The U.S. Entity on Friday sent a final regional recommendation concerning the future of the Columbia River Treaty to the U.S. Department of State. The Department of State will use the final recommendation to begin a federal policy review process to determine whether to proceed with a Treaty modernization effort with Canada.
“After three years of collaboration with a wide variety of interests in the region, we believe we are recommending a win-win approach to the future of the Columbia River Treaty that will be broadly supported by the people of the Pacific Northwest,” said Elliot Mainzer, acting administrator of the Bonneville Power Administration and chair of the U.S. Entity.
The U.S. Entity, consisting of the BPA administrator and the U.S. Army Corps of Engineers Northwestern Division engineer, is charged with formulating and carrying out the operating arrangements necessary to implement the Columbia River Treaty.
The U.S. Entity Regional Recommendation for the Future of the Columbia River Treaty After 2024 was developed by the U.S. Entity in collaboration and consultation with the region’s four states, federally recognized tribes and a variety of stakeholders through an extensive, multiyear process known as the Columbia River Treaty Review.
“We appreciate the extensive involvement and input of the region in developing a recommendation that reflects the region’s many important interests for consideration by the State Department and the Administration,” said Brigadier General John Kem, Commander of the Corps’ Northwestern Division and U.S. Entity member.
The final recommendation submits that the Pacific Northwest and the nation would benefit from modernization of the Treaty post-2024. It begins by identifying regional goals for the future of the Treaty post-2024. It includes general principles underlying this recommendation, followed by more specific recommendations related to several Treaty elements. It also identifies matters related to possible post-2024 Treaty implementation for consideration through domestic processes.
The final recommendation supports a modernized Treaty that would simultaneously:
• better address the region’s interest in a reliable and economically sustainable hydropower system and reflect a more reasonable assessment of the value of coordinated power operations with Canada;
• continue to provide a similar level of flood risk management to protect public safety and the region’s economy;
• include ecosystem-based function as one of the primary purposes of the Treaty; and
• create flexibility within the Treaty to respond to climate change, changing water supply needs and other potential future changes in system operations while continuing to meet authorized purposes such as navigation and irrigation.
• Under the original Treaty, either Canada or the United States may unilaterally terminate most provisions of the Treaty as early as September 2024, with a minimum of 10 years’ notice; hence the focus on 2014 and 2024.

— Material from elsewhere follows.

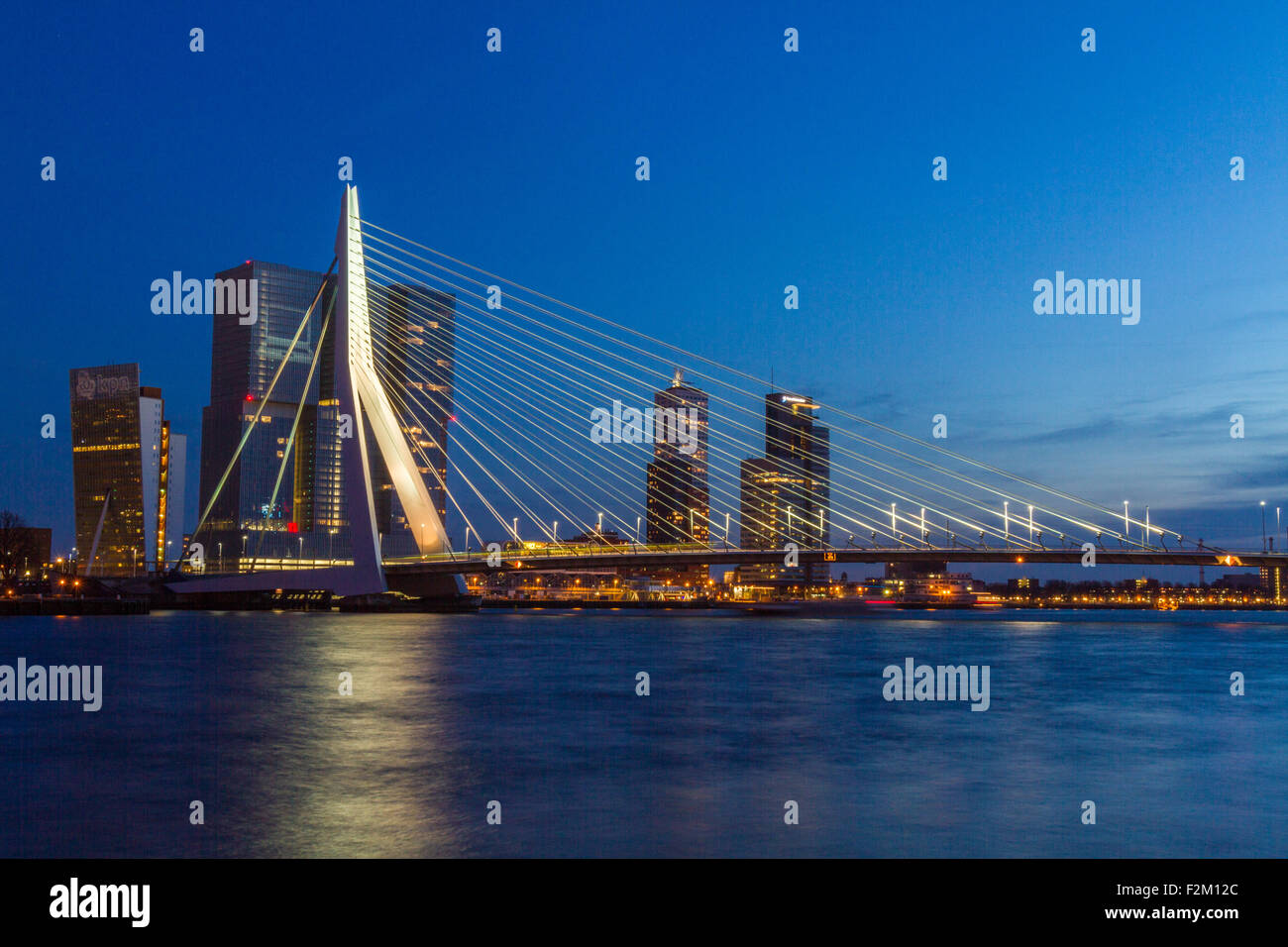 Cityscape Erasmusbrücke, Rotterdam, Niederlande in der Abenddämmerung Stockfoto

Now that the final recommendation has been delivered to the U.S. Department of State, the U.S. government will formally take up the question of the Columbia River Treaty. That process will be a federal, interagency review under the general direction of the National Security Council on behalf of the President. The Department of State has been designated as the agency to coordinate and oversee this process on behalf of the National Security Council.